[[ PROVIDED INFORMATION open ]]

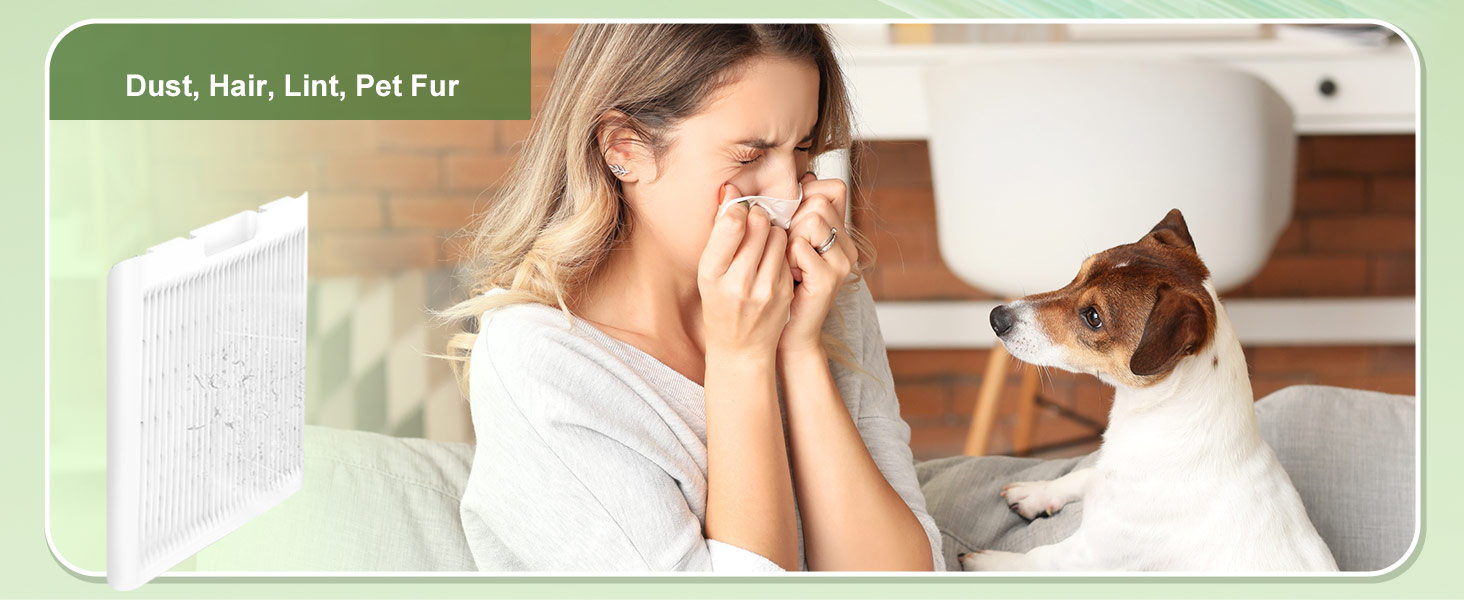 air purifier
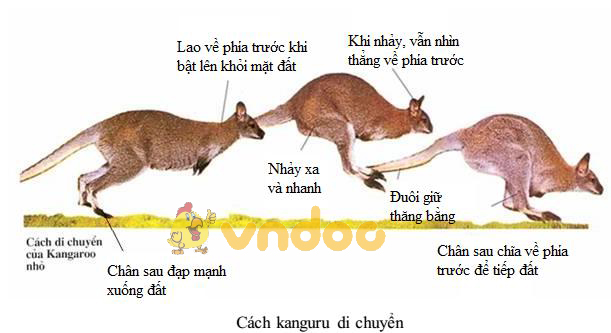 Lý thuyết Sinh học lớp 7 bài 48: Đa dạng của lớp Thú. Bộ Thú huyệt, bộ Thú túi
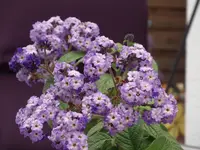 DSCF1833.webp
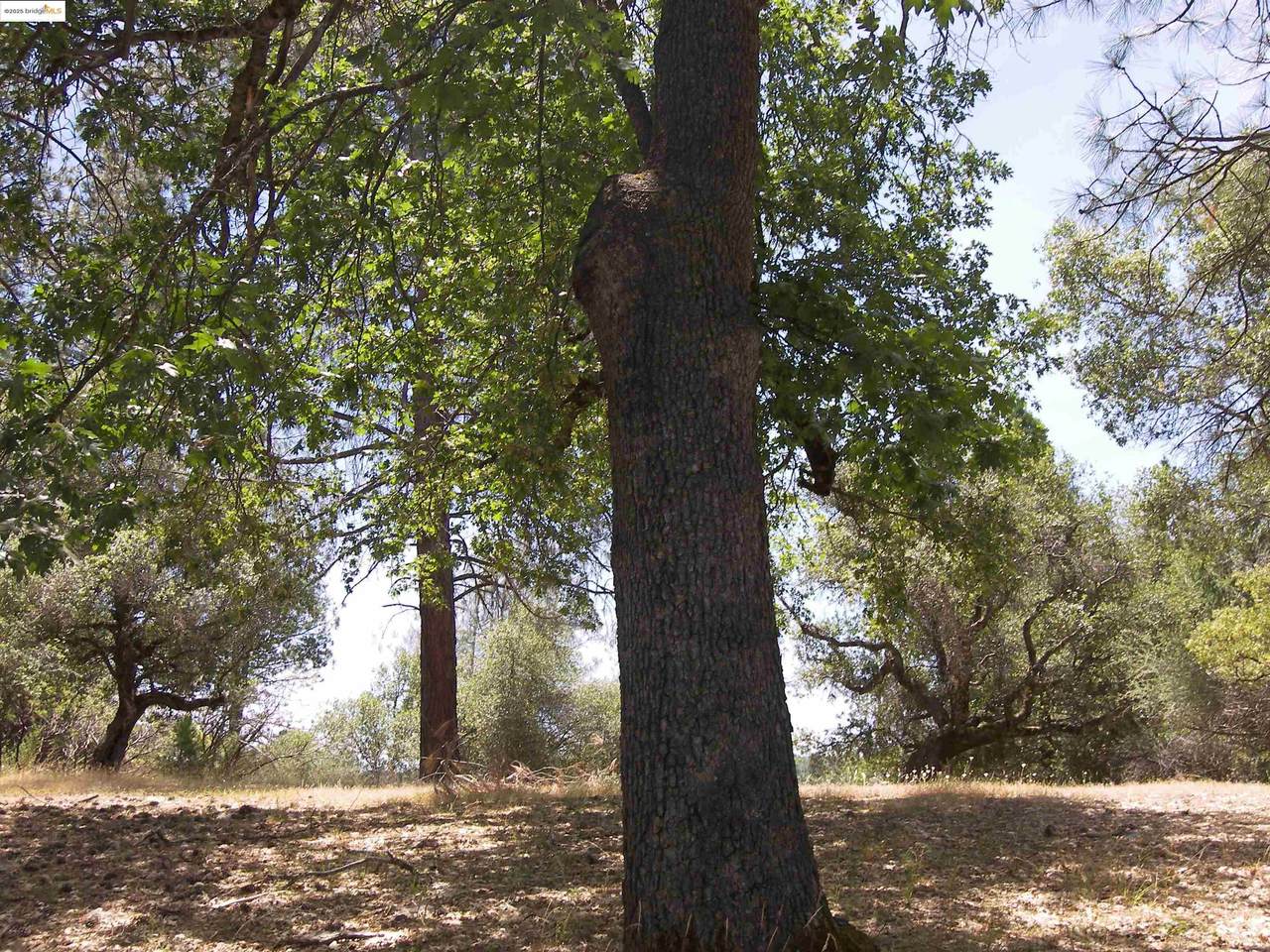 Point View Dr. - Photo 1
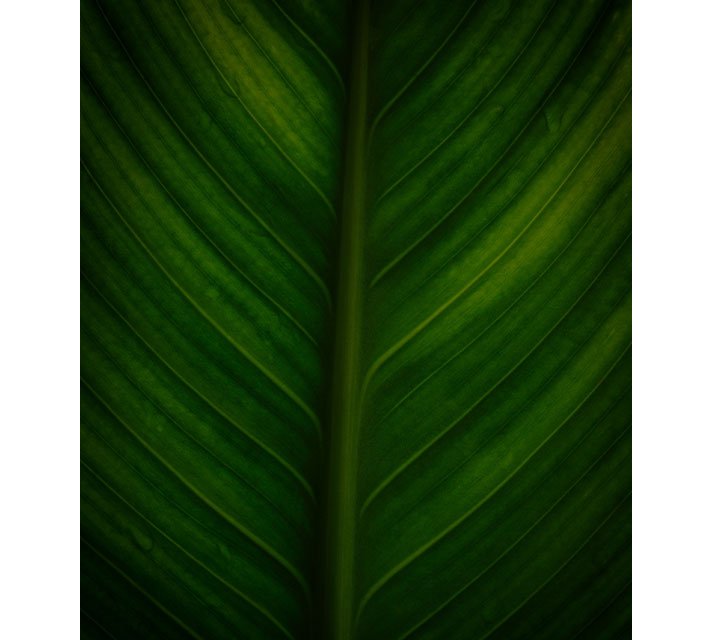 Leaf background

[[ PROVIDED INFORMATION closed ]]

• [ASSIGNMENT]:
Omit the pictures, then set down all the remaining data exactly as given.

• [RESULT OF THIS TASK]:
 air purifier
 Lý thuyết Sinh học lớp 7 bài 48: Đa dạng của lớp Thú. Bộ Thú huyệt, bộ Thú túi
 DSCF1833.webp
 Point View Dr. - Photo 1
 Leaf background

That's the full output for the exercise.